Tuesday, February 28, 2006

Falling off Goatfell - The Arran Trip, Part II

Falling off Goatfell

We landed in Arran in due time. A few lingering suspicions I had of whether I had actually docked in France by mistake were dismissed when I realized I could understand what the blokes on the shore were mouthing (unless of course the French had seen sense at long last and decided to switch to English).

Arran is a huge island, and does not have as many roads as a lazy city slicker like me would have liked. However, since it is huge, walking everywhere is not an option either. This leaves one with two options - of getting onto an overpriced bus, or selling your soul to raise the funds to rent a car.

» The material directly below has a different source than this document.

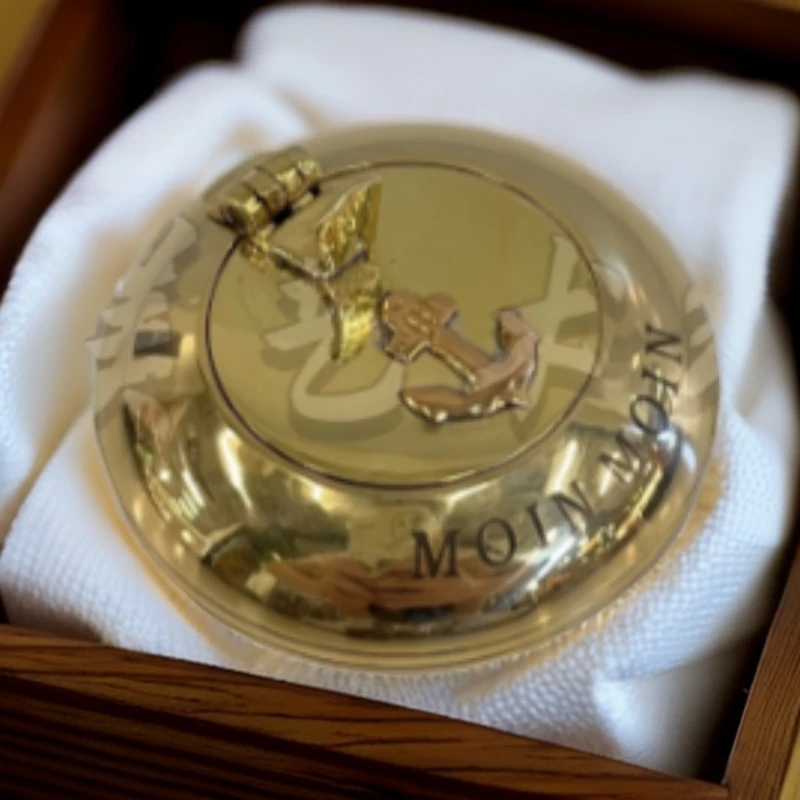 BORCH/博瑞奇手工复古精致带盖便携金色亮面烟灰缸铜摆件（06563）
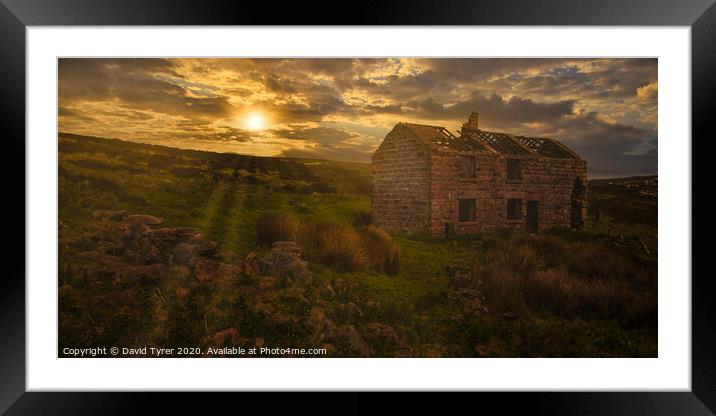 Abandoned Farmhouse - The Roaches, Leek, Peak Dist Framed Mounted Print by David Tyrer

Since I didn’t know if I had one of the latter, I decided to clamber onto a bus to travel to a place called Corrie. It was as I settled down on the bus that I realized that the buses were marginally less comfortable than the trusty 100 year old steeds they use in Chennai, and the roads were as good as the euphemistically named IT highway is after a storm.

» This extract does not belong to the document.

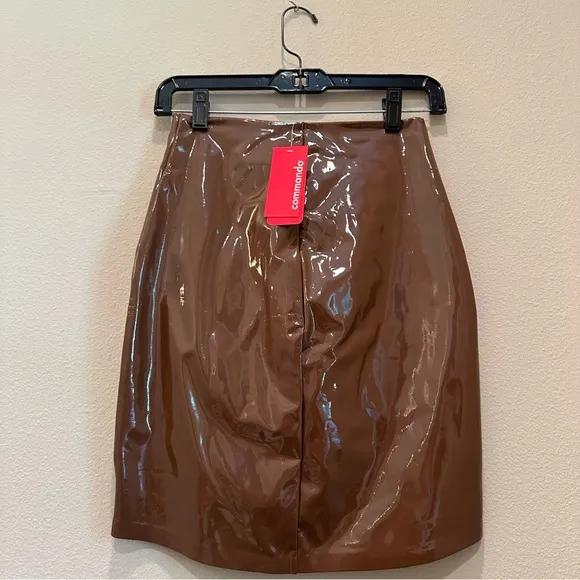 commando faux patent leather skirt cinnamon brown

I also realized that the bus driver suffered from the delusion that he was at the wheel of a Jaguar. He was convinced that the only way he could give his passengers their money’s worth was by giving their collective stomachs a good churn. He was aided and abetted by the twists and turns of the wonderfully surfaced road.

As we neared Corrie, any thoughts I had entertained of making terrible jokes about Poories in Corrie had all but vanished. All I wanted was a quiet corner where I could relieve myself of the contents of the stomach. The coffee was fighting with the ham and cheese sandwiches for an out, and all of them picked my esophagus as the staging point for breaking out of my body.

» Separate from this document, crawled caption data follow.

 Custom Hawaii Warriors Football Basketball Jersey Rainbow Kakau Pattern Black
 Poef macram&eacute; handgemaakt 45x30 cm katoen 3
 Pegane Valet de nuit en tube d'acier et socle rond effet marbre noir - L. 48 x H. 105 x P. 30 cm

One of my friends tapped me on the shoulder.

‘Are you sick?’, she asked, rather unnecessarily.

‘No, I usually turn green on a whim. It amuses me to no end.’ Bitter words, no doubt. But there are times when a man is amenable to stupid questions, and times when he is not.

‘I just thought of a funny joke.’, she went on, unaffected by my remarks which were meant to bite like an adder and sting like a bee. ‘You’re a sick individual in the normal course of things. But now you’re a sick person who is incidentally feeling sick.’

I turned to her with an expression that had disgust, disdain and annoyance written on it. I was about to make another scathing remark which would have shut her up (for thirty seconds, at least), when the bus went up in the air after climbing up a steep incline a little too fast. Belying the driver’s expectations, the bus did not stay airborne but descended to terra firma with a resounding thud. And the lemonade that I had sipped the day before joined the party that the coffee and the sandwiches were organizing in my esophagus.

My friend looked at me with sudden concern. ‘You’re going to puke, aren’t you?’

I nodded weakly, in the hope of garnering some womanly sympathy.

‘Please turn away. Don’t puke on me.’, said she, brutally.

If I were an old man, I would have said, ‘They don’t make women the way they used to in 1950.’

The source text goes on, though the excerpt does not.